Hasso-Plattner-Institut
Prof. Dr. Tilmann Rabl
 

17.03.2025

Three papers accepted at EDBT 2025

We are happy to announce that three papers got accepted at EDBT 2025! The papers will be presented as part of the EDBT conference in Barcelona, Spain on 25th of March - 28th of March, 2025.

1) An Empirical Evaluation of Serverless Cloud Infrastructure for Large-Scale Data Processing by Thomas Bodner, Theo Radig, David Justen, Daniel Ritter, and Tilmann Rabl

Abstract: 

Data processing systems are increasingly deployed in the cloud. While monolithic systems run fully on virtual servers, recent systems embrace cloud infrastructure and utilize the disaggregation of compute and storage to scale them independently. The introduction of serverless compute services, such as AWS Lambda, enables finer-grained and elastic scalability within these systems. Prior work shows the viability of serverless infrastructure for scalable data processing, but sees limitations due to performance variance and cost overhead, especially in networking and storage. In this paper, we perform a detailed analysis of the performance and cost characteristics of serverless infrastructure in the data processing context. We base our analysis on a large series of microbenchmarks across different compute and storage services, as well as end-to-end workloads. To enable our analysis, we propose the Skyrise serverless evaluation platform. For the widely used serverless infrastructure of AWS, our analysis reveals distinct boundaries for performance variability in serverless networks and storage. We also present cost break-even points for serverless compute and storage. These insights provide guidance on when and how serverless infrastructure can be used efficiently for data processing.

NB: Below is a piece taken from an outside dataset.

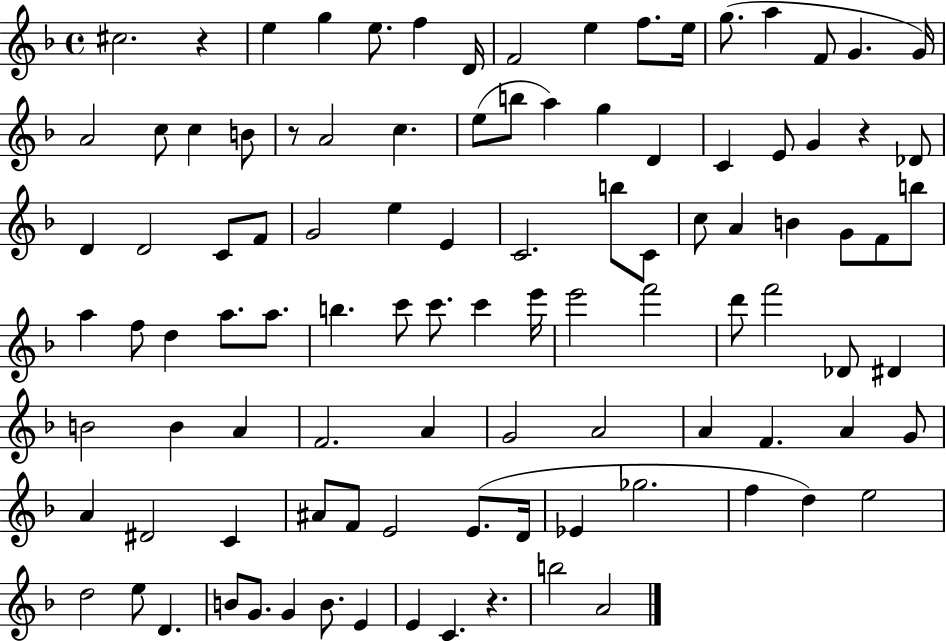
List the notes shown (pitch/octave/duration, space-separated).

2) An Interactive Analysis of Serverless Cloud Infrastructureby Thomas Bodner and Tilmann Rabl

Abstract:

Data processing systems are increasingly being deployed in the cloud, because of the benefits of elasiticity and short-term resource provisioning. In recent years, serverless cloud computing is offered in the form of highly elastic resource pools. However, analyzing and understanding the performance and cost characteristics of serverless cloud infrastructure in the context of data processing is challenging. In this demonstration, we present our Skyrise evaluation framework for experimentation in serverless data processing. The framework provides a suite of micro-benchmarks and a serverless query engine to run end-to-end workloads. Users can benchmark serverless compute and storage resources and observe the impact of their performance on data-intensive applications. In addition, they can study the trade-offs compared to server-based systems. Utilizing the inherent elasticity of serverless resources, our framework facilitates interactive analysis and supports the understanding of key characteristics of serverless data processing for data system engineers.

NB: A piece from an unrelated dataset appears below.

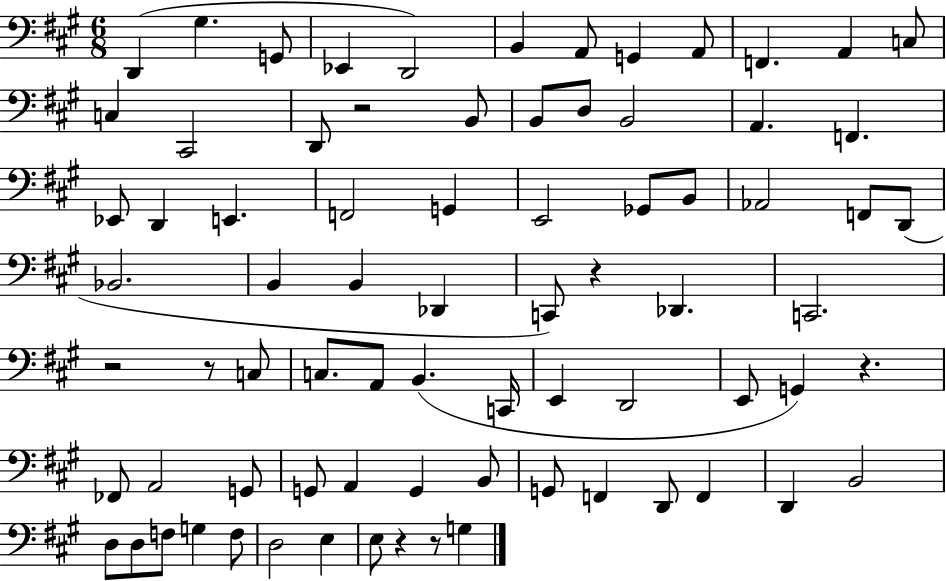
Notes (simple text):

D2/q G#3/q. G2/e Eb2/q D2/h B2/q A2/e G2/q A2/e F2/q. A2/q C3/e C3/q C#2/h D2/e R/h B2/e B2/e D3/e B2/h A2/q. F2/q. Eb2/e D2/q E2/q. F2/h G2/q E2/h Gb2/e B2/e Ab2/h F2/e D2/e Bb2/h. B2/q B2/q Db2/q C2/e R/q Db2/q. C2/h. R/h R/e C3/e C3/e. A2/e B2/q. C2/s E2/q D2/h E2/e G2/q R/q. FES2/e A2/h G2/e G2/e A2/q G2/q B2/e G2/e F2/q D2/e F2/q D2/q B2/h D3/e D3/e F3/e G3/q F3/e D3/h E3/q E3/e R/q R/e G3/q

3) Dema: Efficient Decentralized Aggregation for Non-Decomposable Quantile Functions by Wang Yue, Martin Boissier​​​​​​​, Manisha Luthra, and Tilmann Rabl

Abstract:

The growing number of Internet of Things (IoT) devices has led to the widespread adoption of decentralized networks to handle unbounded data streams in a variety of applications. Traditional stream processing engines rely on centralized window aggregation, resulting in high network overhead and processing bottlenecks. Current decentralized solutions mitigate these issues by offloading partial aggregations to edge devices, but they only support decomposable functions like sum and count. Non-decomposable functions, such as median and quantile, remain a challenge as partial results cannot be merged without accessing the complete dataset. To address this, we propose Dema, a decentralized window aggregation technique for non-decomposable functions. Dema reduces network traffic and computational load by performing localized sorting and transmitting statistical summaries rather than raw data. Our approach efficiently calculates median and quantile values, achieving up to a 99% reduction in network traffic compared to state-of-the-art methods. Our evaluation results show that Dema significantly outperforms existing approaches in terms of throughput and scalability, while ensuring accurate results.